Xylarm cassa une branchette et se mit en devoir de schématiser ses propos. La vague patate parcourue de lignes qu'elle se mit à dessiner n'était pas très évocatrice. Tout en gribouillant, elle reprit son cours :
- Ce pouvoir s'installe dans le corps et dans l'esprit et se développe à mesure que son détenteur apprend à s'en servir.
(un petit bonhomme en bâton vint se joindre à la patate).
- Le problème, c'est que l'Essence démonique en tant que telle ne peut pas être utilisée. Il y a beaucoup trop de forces dans ce monde pour pouvoir toutes les rassembler en un seul hôte. Une absorption complète de l'Essence tuerait immédiatement son détenteur.
(petits traits saccadés partant dans la tête du bonhomme...une explosion ?)
- Pour éviter cela, la contamination par l'Essence est limitée à deux éléments : la fureur et la fièvre, la glace et le blizzard, la haine et la douleur, la maladie et la terreur, j'en passe et les plus croustillants.
Xylarm marqua une pause pour resserrer sa ceinture à la taille.
- Et donc, quel rapport avec ma crise de démence ?
- J'y viens. Une fois qu'un être humain est marqué par l'Essence, son esprit est à jamais partagé entre sa propre personnalité et celle des éléments qui lui sont inféodés.
(la brindille traça un deuxième bonhomme avec des cornes à coté du précédent)
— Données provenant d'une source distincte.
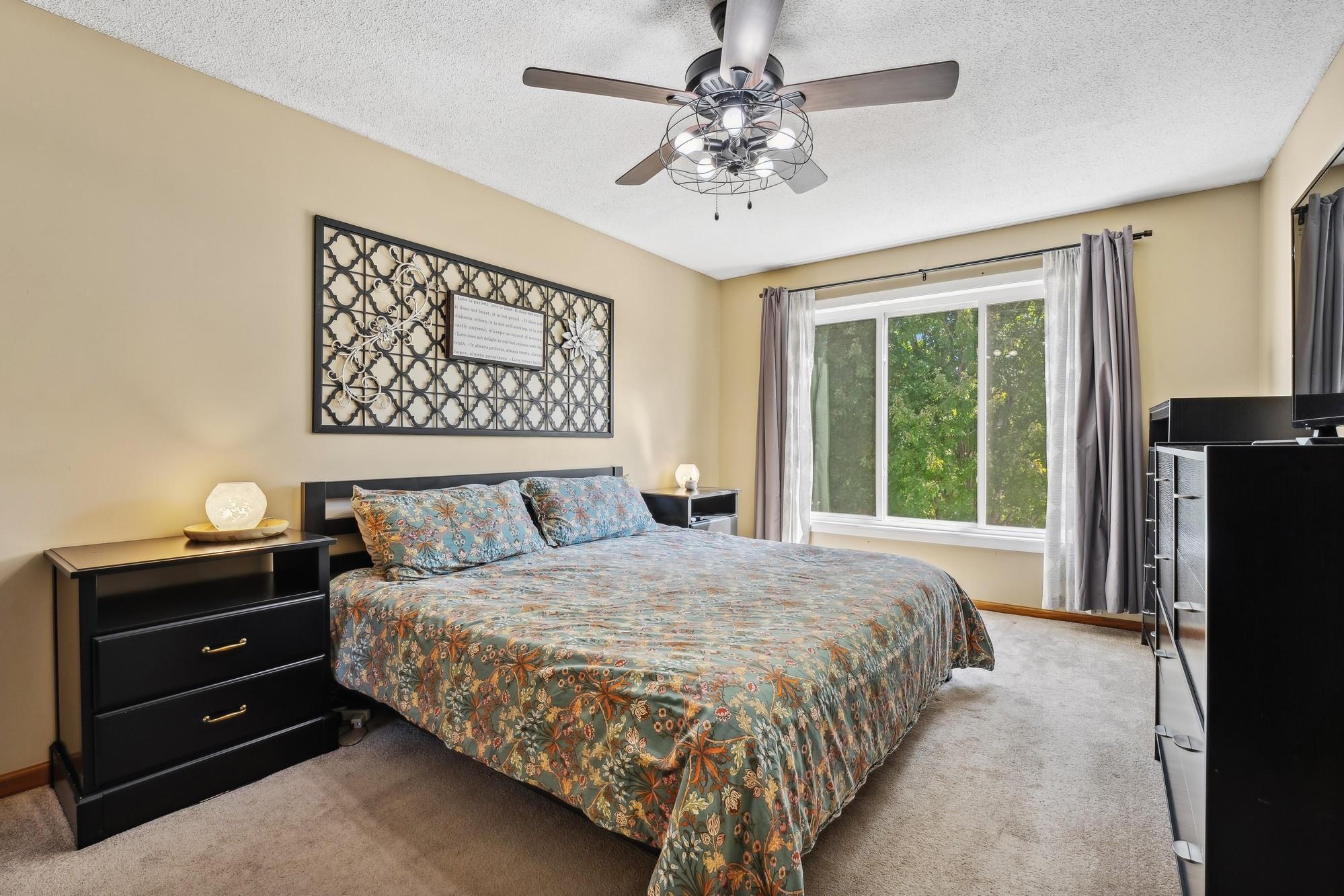 3335 Everest Court N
- Hm, le pouvoir du Génif et du Nomif.
- C'est ça, en faisant alternativement dominer un coté ou l'autre de son esprit, le démon peut basculer entre deux états. La personnalité qui en résulte peut-être totalement différente selon le type d'éléments qui l'habitent. Mais...
(le bâton gribouilla l'homme originel)
...avec le temps, la personnalité de l'humain à tendance à s'effacer face à l'Essence. Le Génif a de plus en plus d'attractivité. C'est pour cela que les démons limitent leurs métamorphoses au strict minimum. Succomber à l'Essence signifie perdre son esprit. Le corps n'est plus régit que par ses instincts...en général il ne faut pas longtemps avant qu'il ne soit massacré. Soit par ses contemporains, soit par lui-même.
Xylarm se redressa pour regarder Quintus dans les yeux.
- La mort de Zalnash a perturbé cette belle organisation. Par sa force, il contribuait à préserver l'équilibre entre l'Essence et l'esprit de ses servants. Quintus...j'ai peur que tu ne sois en train de succomber à la Fureur et la Fièvre. Avant peu de temps, tu risques de perdre ton humanité.